Оставив этот ящик и попросив Кьяру на всякий случай за ним приглядывать, я старательно просмотрел остальные ящики, выставленные нашим собеседником, но больше ничего подобного не увидел.
— Скажите, а это все, что осталось от прежних хозяев? — спросил я у хозяина дома, — который, вынеся ненужные ему вещи, теперь из садового шланга смывал грязь.
— Больше ничего не осталось.
— А вы не возражали бы, если бы я забрал тот ящик, который меня заинтересовал.
— Коль он вам нужен, так забирайте. Только подождите минутку — я вам полиэтиленовый мешок дам, а то еще перепачкаетесь, пока нести будете, — и он, исчезнув в доме, уже через минуту появился с черным полиэтиленовым мешком.
Я начал по очереди доставать и складывать в мешок бывшие экспонаты выставки — вещи принадлежавшие солдатам, освобождавшим этот город от фашистов. Уже переложив половину содержимого, а наткнулся на искомый предмет. Первая печать, погнутая пулей снайпера, лежала такой же брошенной, как и все остальное.
Хотя я и нашел ее, бросить все эти вещи я не мог, и старательно переложив все остальное в мешок, забрал с собой не имея ни малейшего представления, что со всем этим делать дальше.
Вернувшись в гостиницу, я взял у хозяина пачку газет, и постарался подсушить фотографии и бумаги.
Утром уже во всю светило солнце и о прошедшем наводнении нам напомнили только шкаф, висящий на дереве, неподалеку от дороги, по которой мы ехали, да полиэтиленовые кульки лентами свисающие с ветвей деревьев.
* * *
Правительственный кортеж ехал, по еще не так давно затопленным улицам, кое-где уже заваленным промоченными вещами так, что почти не оставалось места для проезда машины. Люди, вернувшиеся в свои дома и теперь приводящие их в порядок, гомонили, кидали не нужный хлам. Но в салон машины звуки с улицы не доносились. Чего, правда, не скажешь о запахах.
Сапоги премьера, лично лазившего по еще заиленным подвалам, распространяли запах сырости и тины, не перебиваемый и освежителем воздуха.
— Так вот пан министр, вы как куратор этого региона, возьмите на особый контроль подсчет убытков нанесенных наводнением муниципальной собственности и их возмещение страховыми компаниями…
Он еще, что-то говорил, но пан Бальцар уже не воспринимал ни одного его слова. Его внимание, вначале привлеченное большой черной лохматой собакой, теперь было полностью поглощено и теми, кто стоял рядом с ней. К своему ужасу в одном из них он узнал известного ему по фотографиям Попова, рядом с которым стояла невысокая красивая женщина.
Вся компания производила впечатление людей довольных жизнью и лучилась весельем. Они укладывали вещи в машину, очевидно собираясь куда-то ехать.

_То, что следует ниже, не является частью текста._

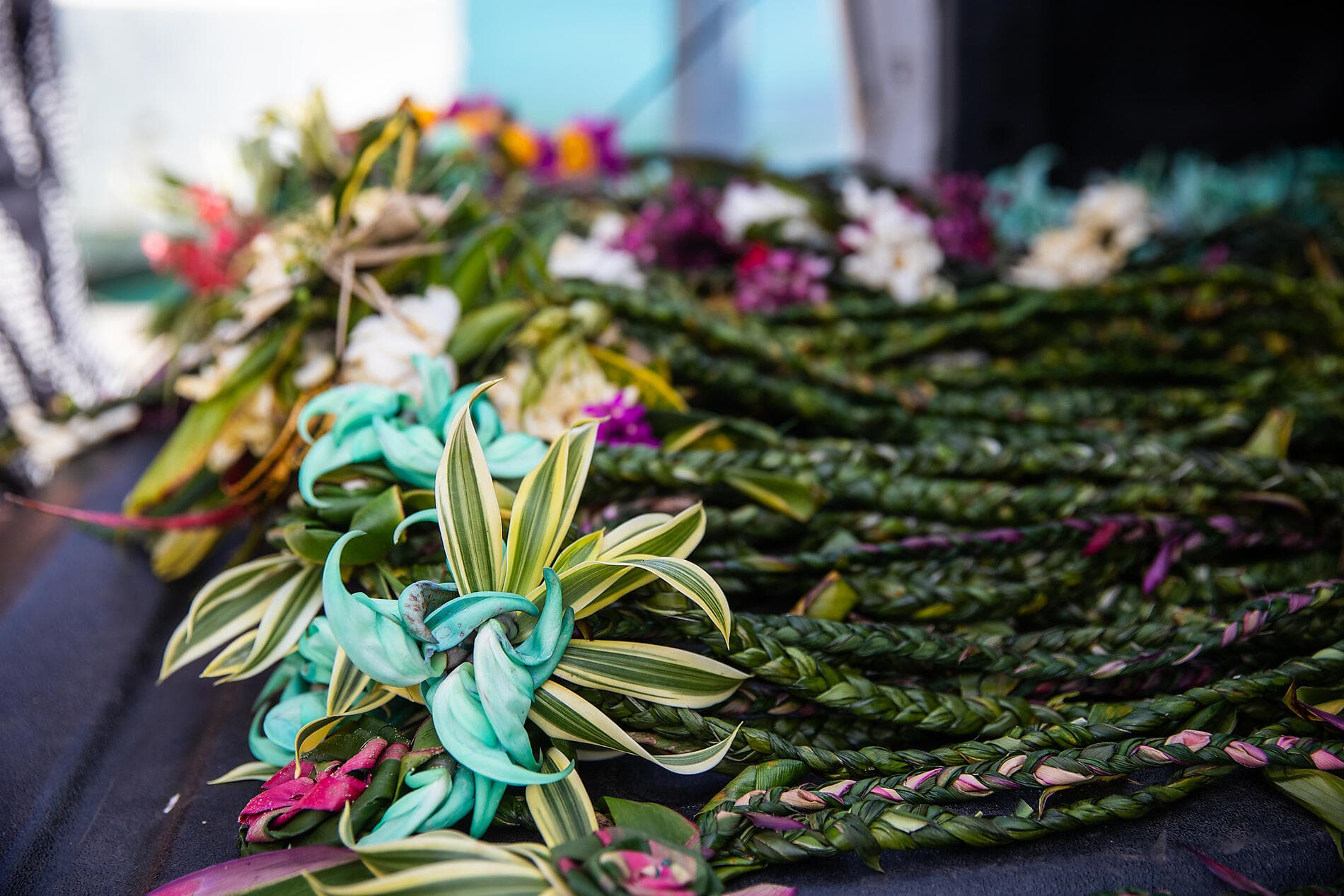 Secret Polynesia: Unexplored Tuamotu, the Gambier Islands and the Austral Islands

Он попытался по лучше рассмотреть их, но движение кортежа и все еще ограниченная корсетом подвижность шеи не позволили ему этого сделать.

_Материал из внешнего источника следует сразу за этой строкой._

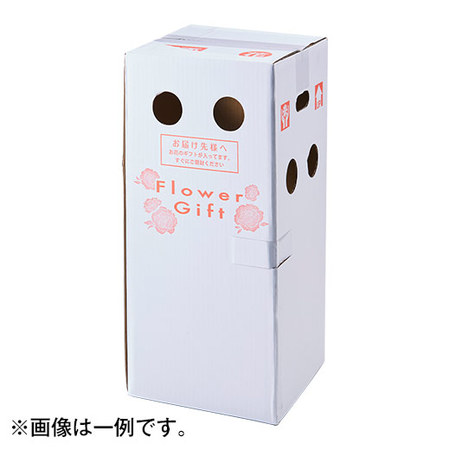 ≪早割★５５０円お得！≫カーネーションアイラブユーとコロンバンフールセックセット母の日お届け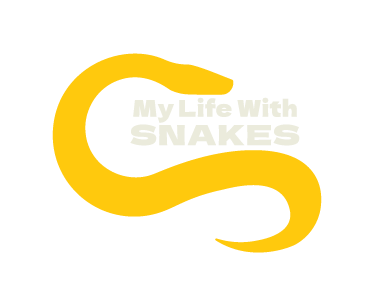 My Life With Snakes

— Пан министр, вы меня совсем не слушаете. Вам что нехорошо?
— Все уже прошло, пан премьер, продолжайте. А все это я как-нибудь переживу.
* * *
Колеблющийся свет факелов причудливо освещал зал. Создавалось впечатление, что тени прошлого, решили участвовать в сегодняшней встрече.
— Приветствую вас братья мои! Соберем же воедино, то, что нам доверено и да будет единым раздробленное.

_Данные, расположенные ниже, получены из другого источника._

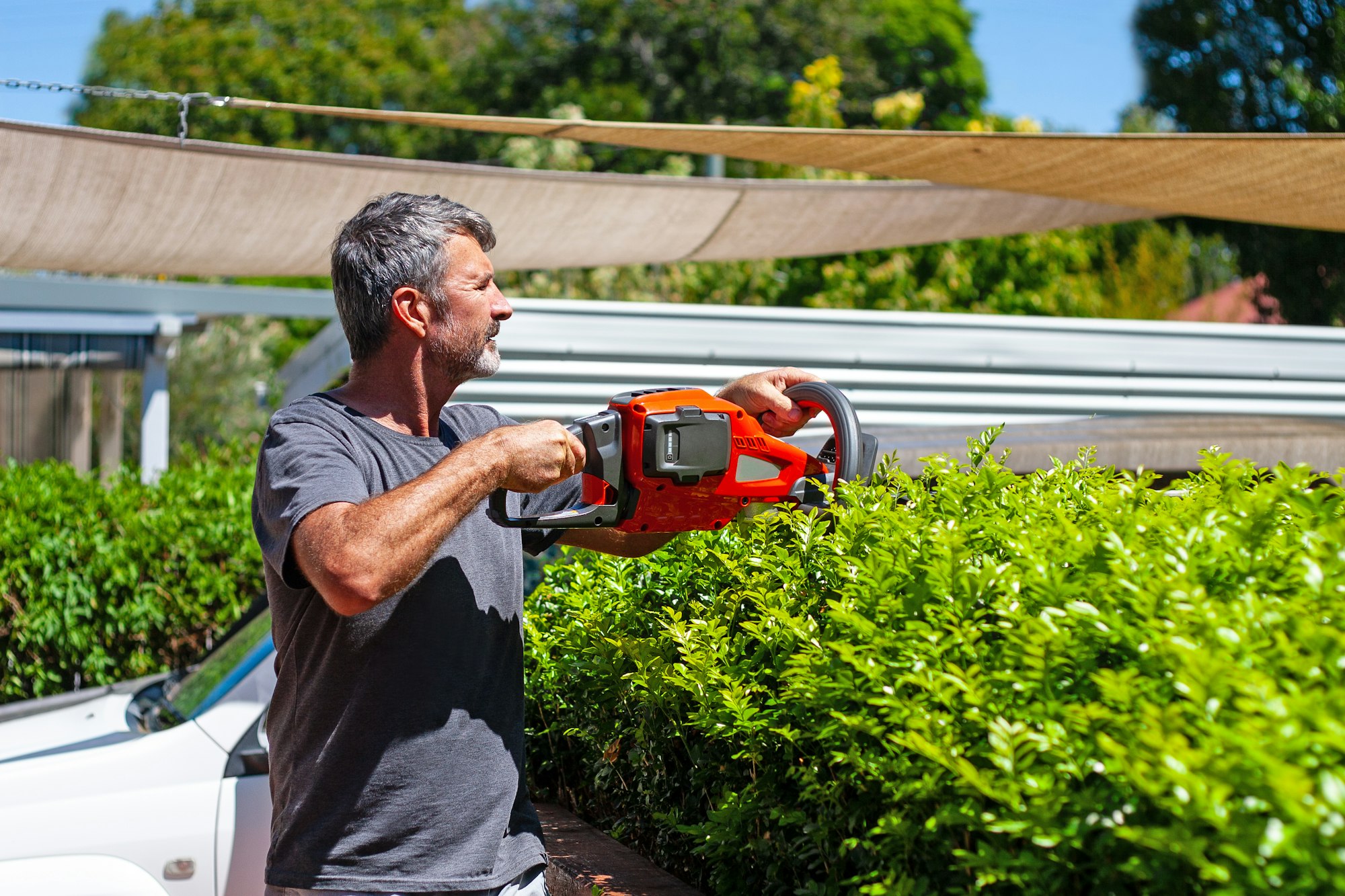 Shrub and Hedge Trimming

Стоя на своем месте, и сегодня не столь поглощенной процедурой мог внимательней осмотреться по сторонам.
Зал был оборудован в пещере, имеющей, скорее всего естественное происхождение.
Каменные стены образующие правильный пятиугольник были сложены из крупных грубо обработанных камней.
Каждое возвышение для хранителей было уменьшенной копией лежащего в центре зала камни. Сегодня на каждом из них стоя Хранитель.
В тишине, нарушаемой лишь шорохом шагов, каждый из Хранителей подходил и укладывал свою часть Великой печати на центральный камень.
Когда пять частей легли на свои места, я подошел к камню и уложил свою часть в его центр. Если я и ожидал, что случится нечто необычное, то этого не произошло.
Передо мной лежал серебряный пятиугольник, сплошь покрытый рисунком. И все же ощущение торжественности происходящего не оставляло меня.
Впервые за пятьсот лет Великая Печать была собрана целиком и уже это обещало, что не будет потеряно вновь сможет увидеть свет находка сделанная Хьюго.